Israeli Prime Minister Benjamin Netanyahu responded tonight to criticisms leveled on Thursday by former President Bill Clinton, who blamed Netanyahu for creating obstacles to a Middle East peace deal.

“The two great tragedies in modern Middle Eastern politics, which make you wonder if God wants Middle East peace or not, were [Yitzhak] Rabin‘s assassination and [Ariel] Sharon‘s stroke,” Clinton said on Thursday, in remarks reported exclusively on The Cable.

Clinton said that Netanyahu moved the goalposts and made reaching a comprehensive peace deal more difficult upon taking office.

“The Israelis always wanted two things that once it turned out they had, it didn’t seem so appealing to Mr. Netanyahu,” Clinton said, referring to what he called fair offers from the Palestinian government and the other Arab nations. “Now that they have those things, they don’t seem so important to this current Israeli government.”

Clinton also said that the Palestinians have offered Netanyahu the same deal the two sides almost agreed to in 2000 at Camp David, but Netanyahu refuses now to accept it.

Netanyahu shot back at Clinton when asked about the remarks in an interview with ABC News.

“I respectfully disagree,” Netanyahu said. “The Palestinians are basically trying to shortcut this. They’re trying to get a state without giving us peace, without giving us security.”

“President Clinton knows very well [that] in 2000 at Camp David … who really made the generous offer and the Palestinians refused to come,” he said. “I’m sure that President Bush can tell you what happened at Camp David a few years later, when another Israeli prime minister made a generous offer, and the Palestinians refused to come.”

When asked if he had moved the goalposts, Netanyahu said, “Not at all.”

Secretary of State Hillary Clinton late on Thursday praised a new statement issued by the Middle East Quartet calling for new negotiations, a statement neither the Israelis nor the Palestinians have endorsed.

“The Quartet proposal represents the firm conviction of the international community that a just and lasting peace can only come through negotiations between the parties,” she said. “Therefore, we urge both parties to take advantage of this opportunity to get back to talks, and the United States pledges our support as the parties themselves take the important next steps for a two-state solution, which is what all of us are hoping to achieve.”

Josh Rogin covers national security and foreign policy and writes the daily Web column The Cable. His column appears bi-weekly in the print edition of The Washington Post. He can be reached for comments or tips at josh.rogin@foreignpolicy.com.
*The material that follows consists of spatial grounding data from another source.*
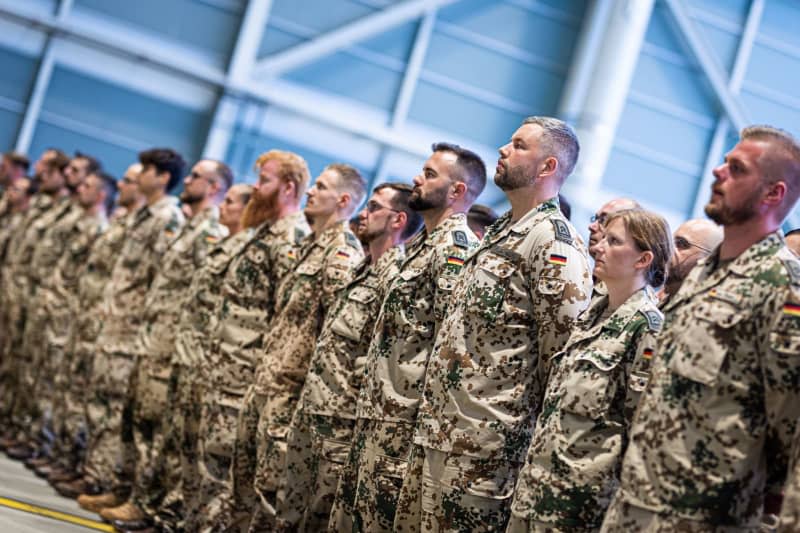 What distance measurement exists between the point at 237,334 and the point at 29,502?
144 centimetres

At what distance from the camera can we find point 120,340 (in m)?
5.75

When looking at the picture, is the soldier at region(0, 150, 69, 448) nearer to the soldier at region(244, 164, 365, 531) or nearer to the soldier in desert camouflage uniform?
the soldier in desert camouflage uniform

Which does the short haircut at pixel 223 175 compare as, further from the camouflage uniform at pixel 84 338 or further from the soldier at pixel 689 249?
Result: the soldier at pixel 689 249

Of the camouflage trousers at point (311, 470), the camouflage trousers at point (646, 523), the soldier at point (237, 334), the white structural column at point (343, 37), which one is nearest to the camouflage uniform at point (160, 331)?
the soldier at point (237, 334)

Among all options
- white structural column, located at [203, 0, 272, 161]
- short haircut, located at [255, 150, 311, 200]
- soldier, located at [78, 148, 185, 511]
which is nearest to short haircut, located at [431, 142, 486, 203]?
short haircut, located at [255, 150, 311, 200]

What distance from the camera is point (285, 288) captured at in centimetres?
450

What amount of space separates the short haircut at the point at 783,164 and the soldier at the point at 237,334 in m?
2.59

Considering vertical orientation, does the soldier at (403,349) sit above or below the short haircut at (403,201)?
below

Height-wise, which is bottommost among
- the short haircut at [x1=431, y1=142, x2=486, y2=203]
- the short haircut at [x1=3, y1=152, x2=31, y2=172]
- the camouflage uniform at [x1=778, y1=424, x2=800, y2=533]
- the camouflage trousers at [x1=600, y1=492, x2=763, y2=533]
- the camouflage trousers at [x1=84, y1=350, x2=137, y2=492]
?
the camouflage trousers at [x1=84, y1=350, x2=137, y2=492]

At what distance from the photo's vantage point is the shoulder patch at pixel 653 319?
2738 millimetres

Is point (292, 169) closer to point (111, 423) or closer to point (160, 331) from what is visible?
point (160, 331)

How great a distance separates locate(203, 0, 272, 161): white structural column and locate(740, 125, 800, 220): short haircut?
910 cm

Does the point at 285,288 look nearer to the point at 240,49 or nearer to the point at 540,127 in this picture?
the point at 540,127

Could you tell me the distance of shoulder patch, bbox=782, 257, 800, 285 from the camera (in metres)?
2.23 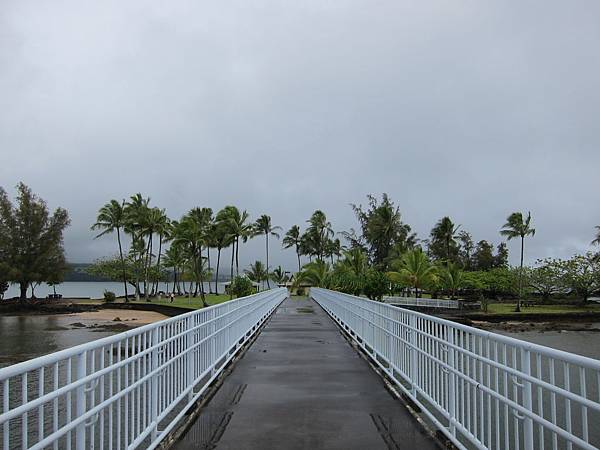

Previously, Josh covered defense and foreign policy as a staff writer for Congressional Quarterly, writing extensively on Iraq, Afghanistan, Guantánamo Bay, U.S.-Asia relations, defense budgeting and appropriations, and the defense lobbying and contracting industries. Prior to that, he covered military modernization, cyber warfare, space, and missile defense for Federal Computer Week Magazine. He has also served as Pentagon Staff Reporter for the Asahi Shimbun, Japan's leading daily newspaper, in its Washington, D.C., bureau, where he reported on U.S.-Japan relations, Chinese military modernization, the North Korean nuclear crisis, and more.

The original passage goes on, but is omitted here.